By Milidairy Walk , in Local News , at February 16, 2022 Tags: , , , , ,

Forgive me Father, for I have sinned. It has been two years since my last confession.

I overslept for 10 a.m. Mass and told my Catholic friends I was going to the 5:30 p.m. one, but then I just didn’t go at all.

I lied to my roommates about the dirty dishes in the sink and about who hit our mailbox last weekend. It was me, but I told my roommates it was our elderly next door neighbor.

I made out with a guy on the Shiner Park dance floor for most of the night. I know it was lustful,  but he was wearing a St.
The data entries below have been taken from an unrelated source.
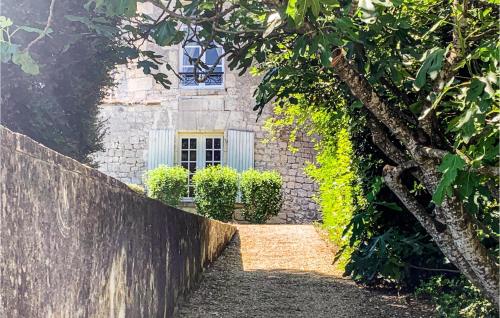 Zunanjost, 2 Bedroom Stunning Home In Chinon in Les Lutinieres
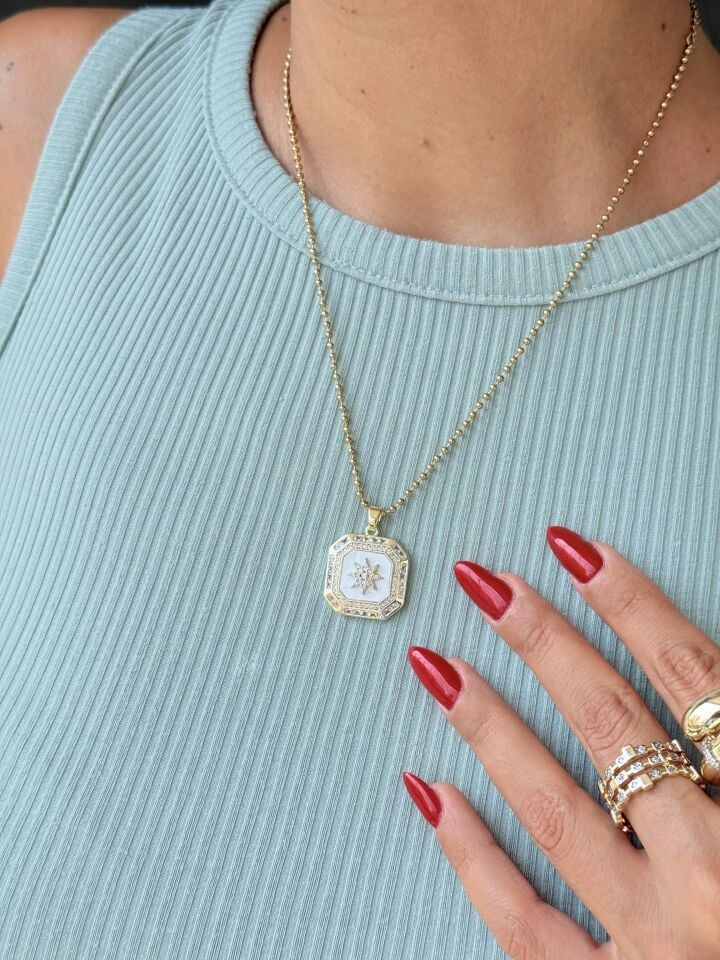 Yıldız Kare Kolye Zirkon Taşlı Paslanmaz Çelik Gold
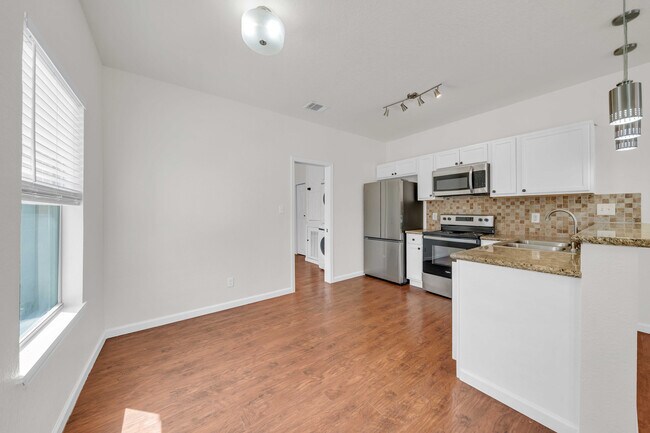 Building Photo - 312 Arlington Ct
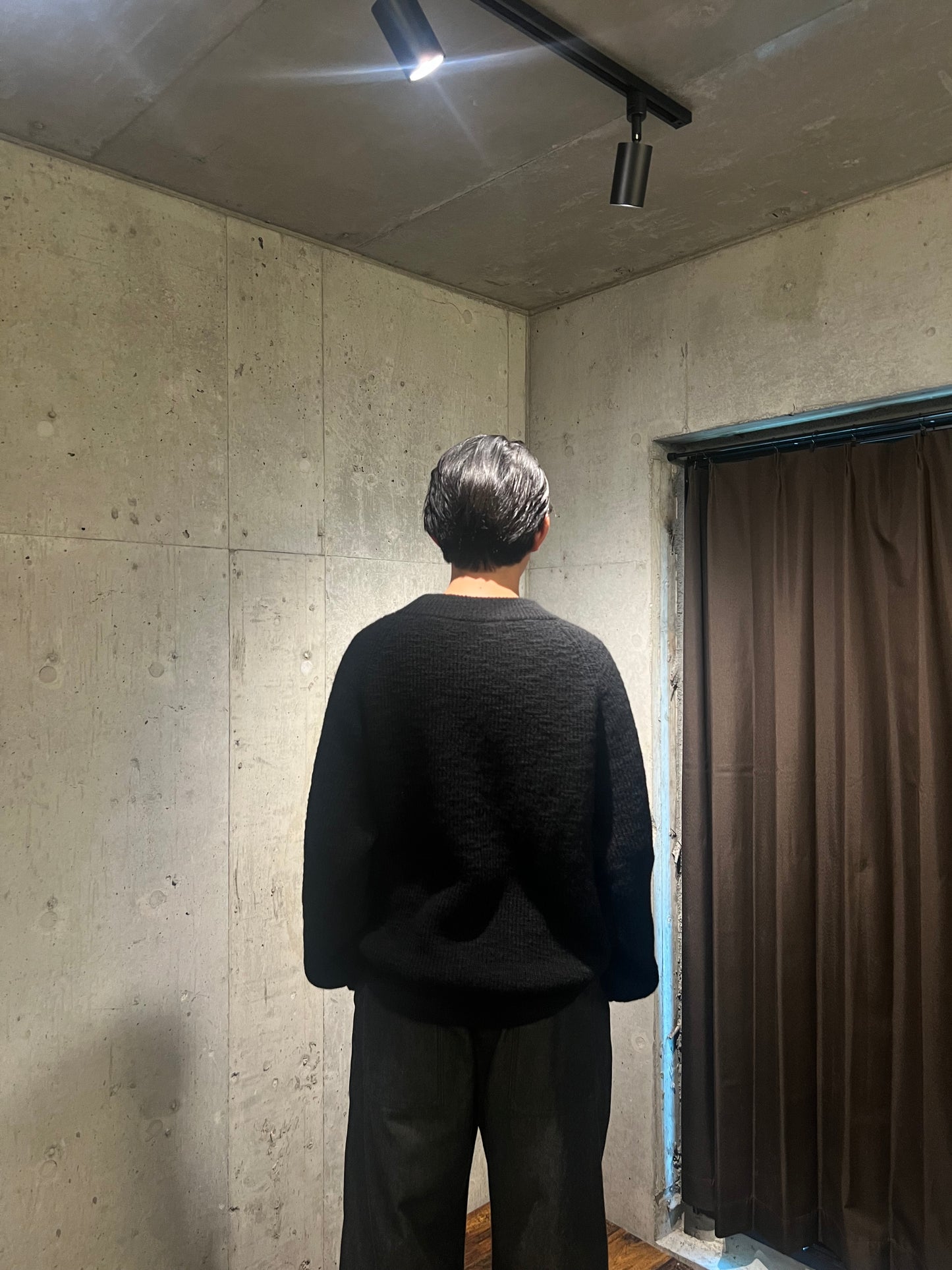 【MITTAN】ウルグアイスラブNMウールセーター ⿊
Francis de Assisi medal, and I thought it was a sign.

I lied to the bouncer and the bartender at O’Bannon’s about my fake ID. I also overindulged in rum and cokes after I told a guy at the bar it was my birthday.

I skipped Silver Taps because I said I was going to Breakaway instead, and then I went to T-shirt Tuesday.

I ate meat during Lent last year on multiple Fridays, but only because I went to Antonio’s after a night out. I thought it was after midnight when it was really 11 p.m.

I flipped someone off in the St. Mary’s parking lot because I was late and he took my parking spot. I prayed for him in Mass, though, if that counts for anything.